Dan kedua, ampunan dan ridha-Nya. Allah SWT berfirman: wa maghafirah minal-Lâh wa ridhwân (dan ampunan dari Allah serta keridaan-Nya). Ampunan dan ridha Allah SWT itu diberikan kepada para walinya dan ahl al-thâ’atihi (pelaku ketaatan kepada-Nya). Hal ini juga dtegaskan dalam banyak ayat, seperti QS al-Mulk [67]: 12.
Di akhir ayat ini kembali ditegaskan: wa mâ al-hayâh al-dun-yâ illâ matâ’ al-ghurûr (dan
kehidupan dunia ini tidak lain hanyalah kesenangan yang menipu). Dalam
kehidupan kehidupan dunia memang terdapat kesenangan dan kenikmatan.
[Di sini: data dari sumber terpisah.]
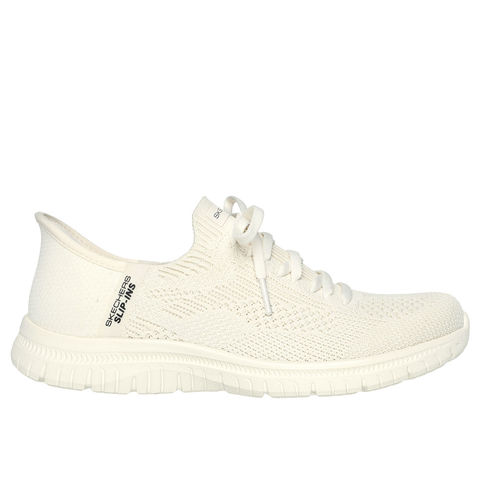 dショッピング |SKECHERS スケッチャーズ スリップインズ レディース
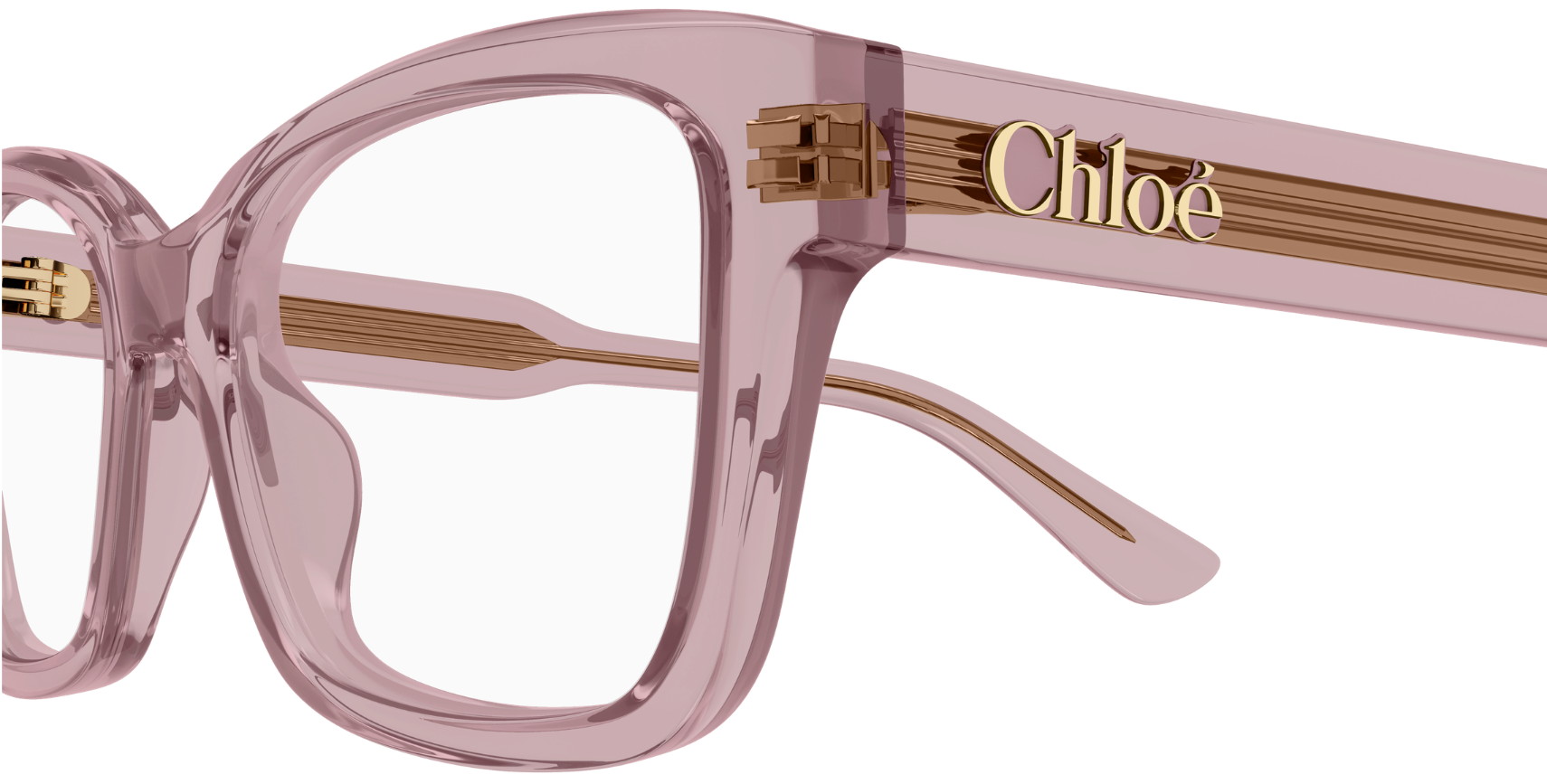 Óculos de grau Chloé CH0380O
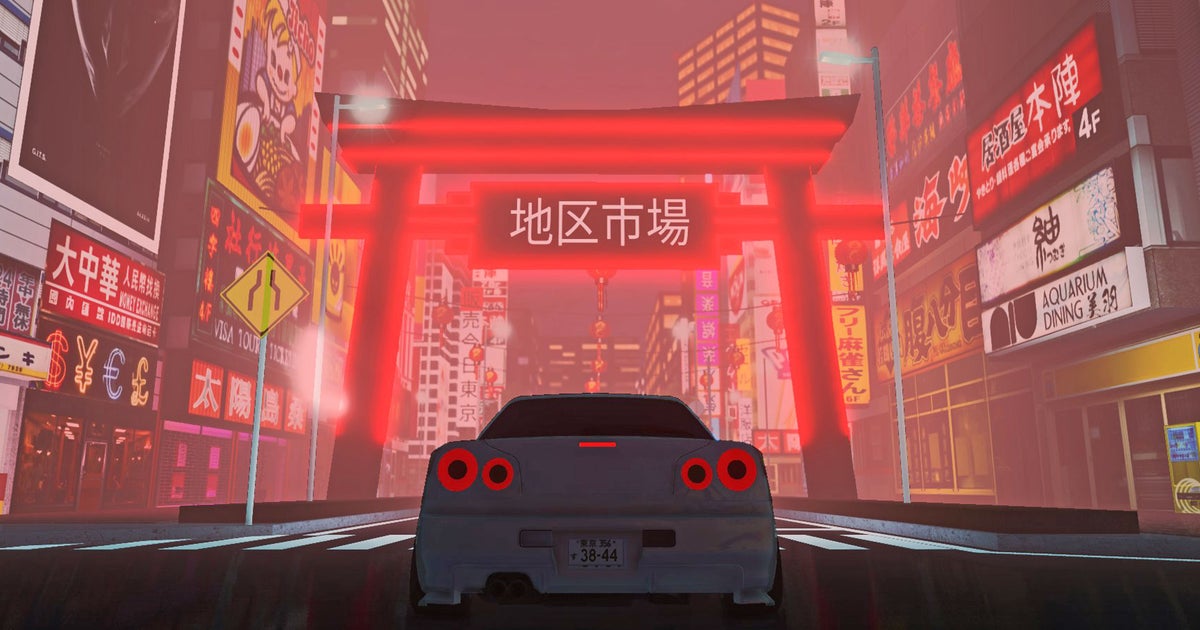 Unlock August 2025 Exclusive Midnight Racing Tokyo Codes Revealed
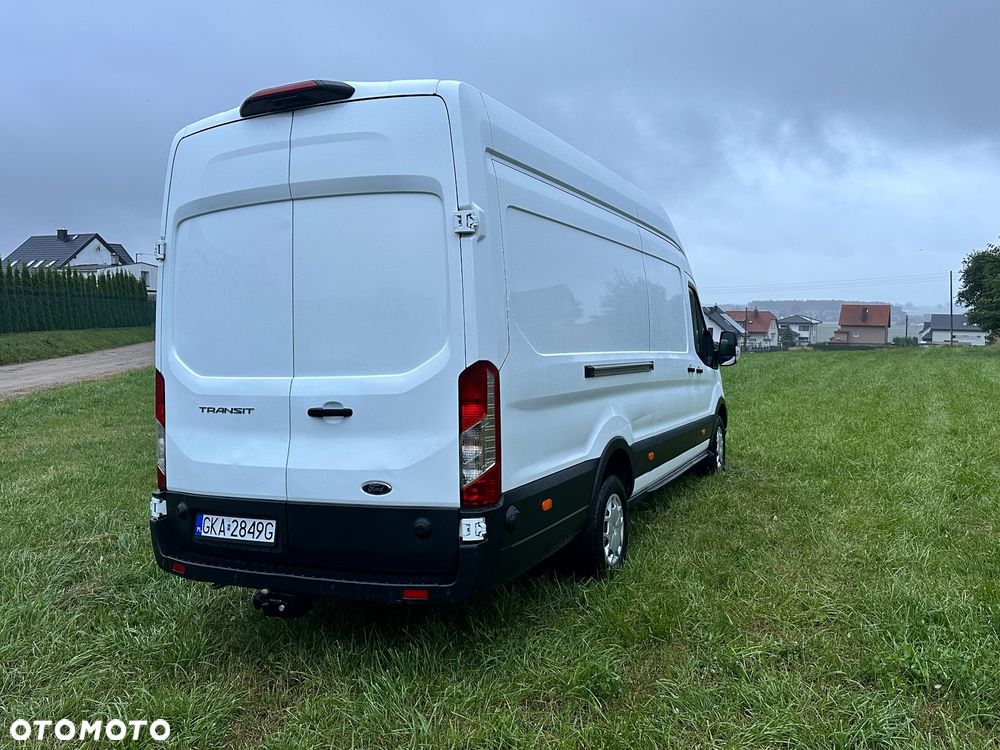 Ford Transit - 4
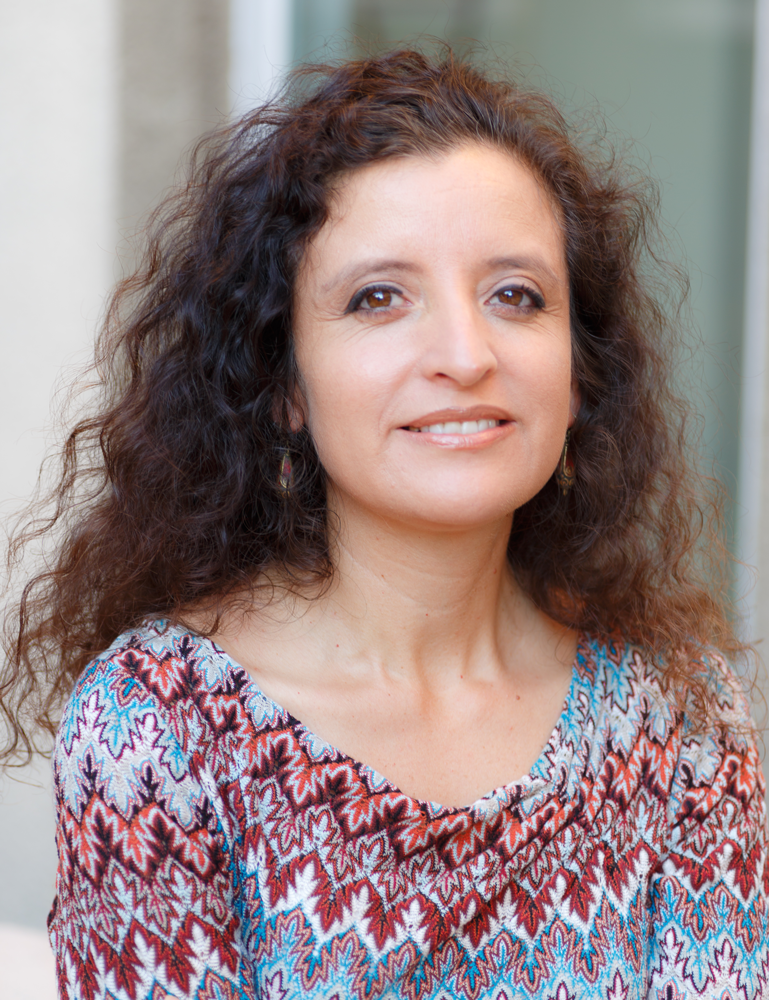 ABOUT NATHALIE GOTTSCHALK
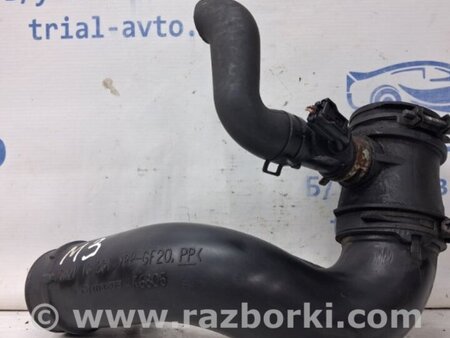 ФОТО Патрубок интеркулера для Mazda 3 BM/BN (2013-2019) (III) Киев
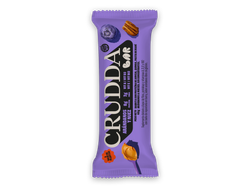 BARRITA ARÁNDANOS Y NUEZ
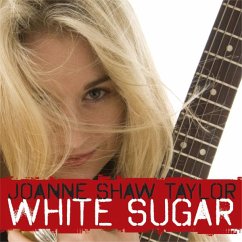 White Sugar - Shaw Taylor,Joanne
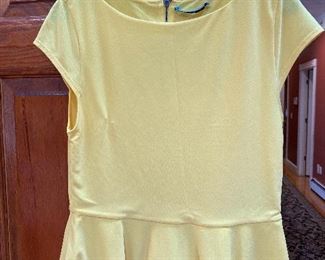 Alice & Olivia Large Top $48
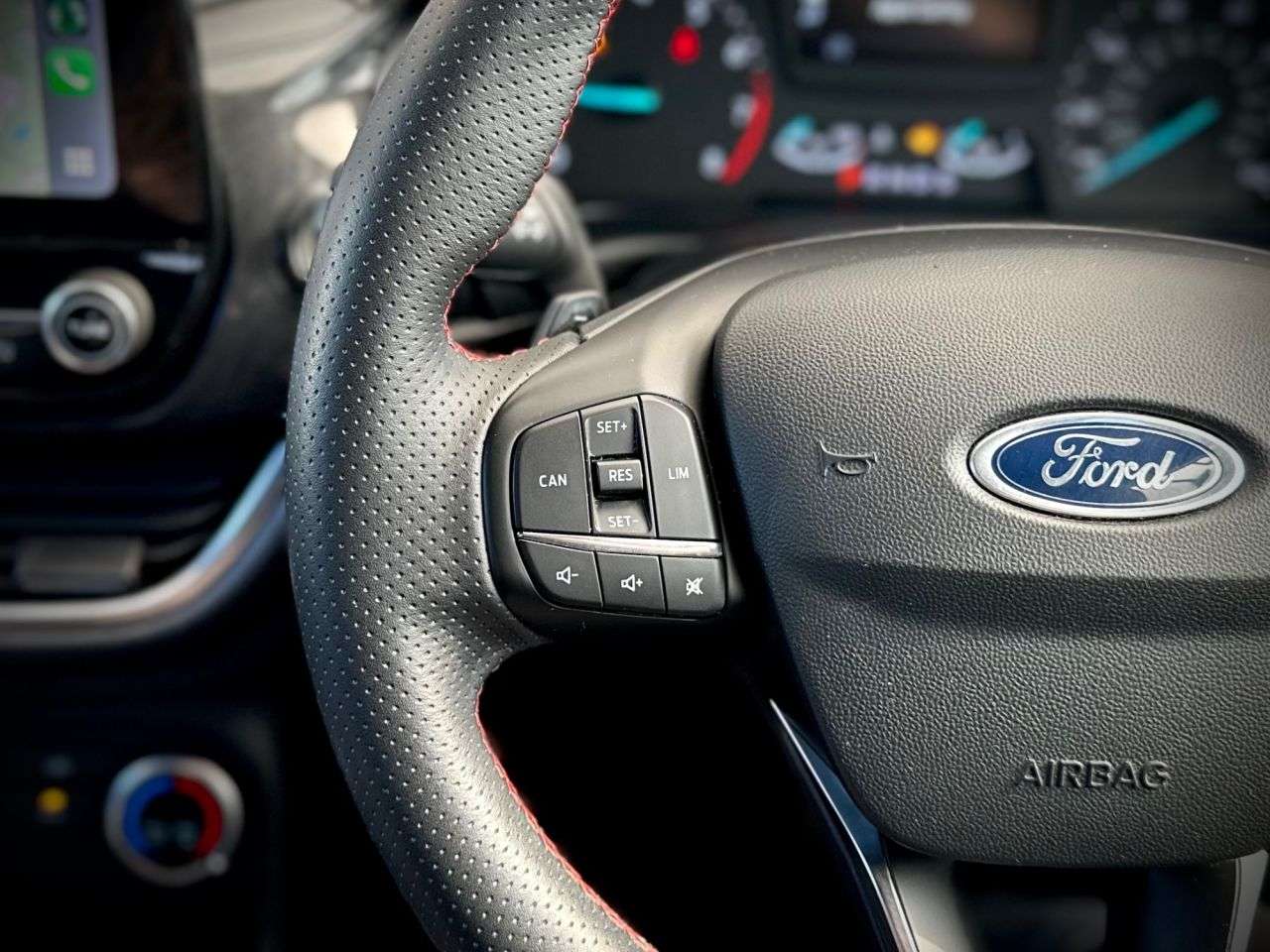 2019 FORD FIESTA 2019 FORD FIESTA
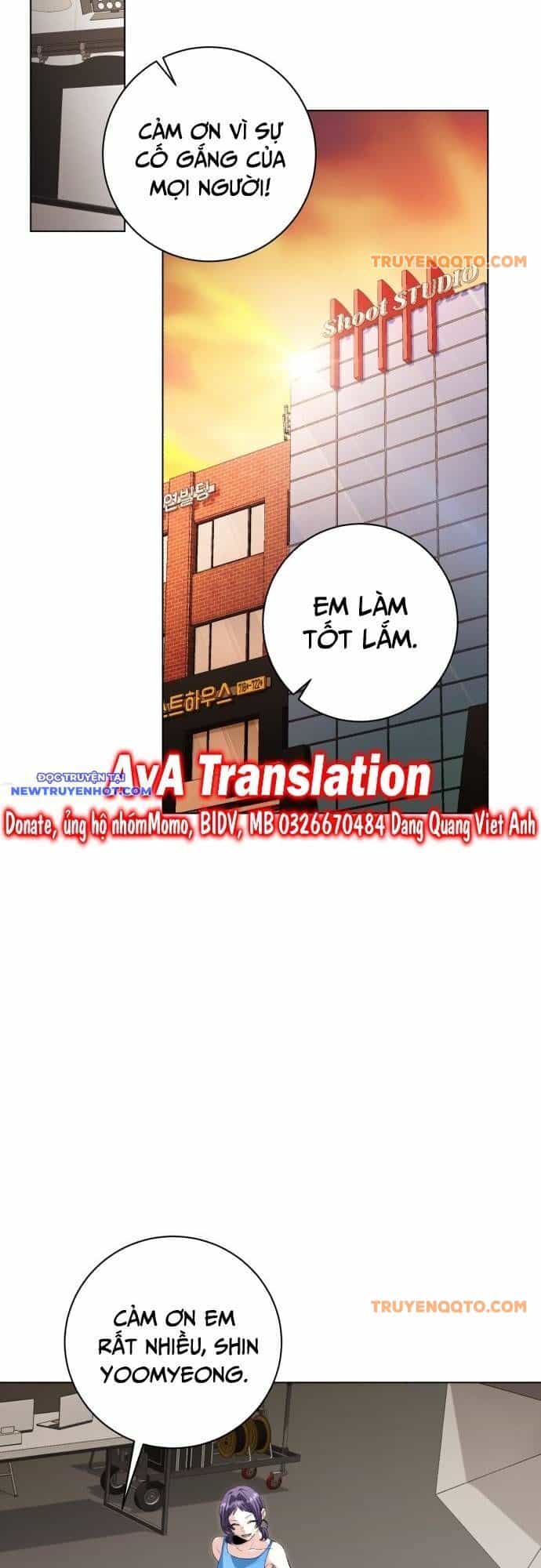 Ánh Hào Quang Của Diễn Viên Thiên Tài - Chương 10 - ảnh 60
Namun semua itu merupakan ujian dan cobaan bagi manusia. Jika manusia
terpedaya dengan ujian dan cobaan tersebut; habisan-habisan mengejarnya
hingga melupakan akhirat, maka dia telah tertipu. Di akhirat mendapatkan
siksa yang pedih.
Namun sebaliknya, jika kenikmatan tersebut digunakan sebagai sarana
untuk mendapatkan pahala dan ridha-Nya, maka dia telah sukses menghadapi
cobaan tersebut. Said bin Jubair berkata, “Dunia merupakan
kesenangan yang menipu apabila melalaikan kamu dari mencari ke akhirat.
Ada pun jika mengajakmu kepada mencari ridha Allah dan akhirat, maka itu
sebaik-baik wasilah (sarana).”
Inilah pandangan yang benar tentang hakikat kehidupan. Jangan sampai
menjadi orang yang tertipu dengan gemerlap dunia, melupakan akhirat! Wal-Lâh a’lam bi al-shawâb.[]
Ikhtisar:
1. Semua kenikmatan dunia bersifat fana, sedangkan akhirat bersifat kekal abadi
2. Kesenangan dunia tidak boleh melupakan akhirat. Sebaliknya, justru harus dijadikan sebagai sarana untuk meraih pahala, ridha, dan surga-Nya.
2. Kesenangan dunia tidak boleh melupakan akhirat. Sebaliknya, justru harus dijadikan sebagai sarana untuk meraih pahala, ridha, dan surga-Nya.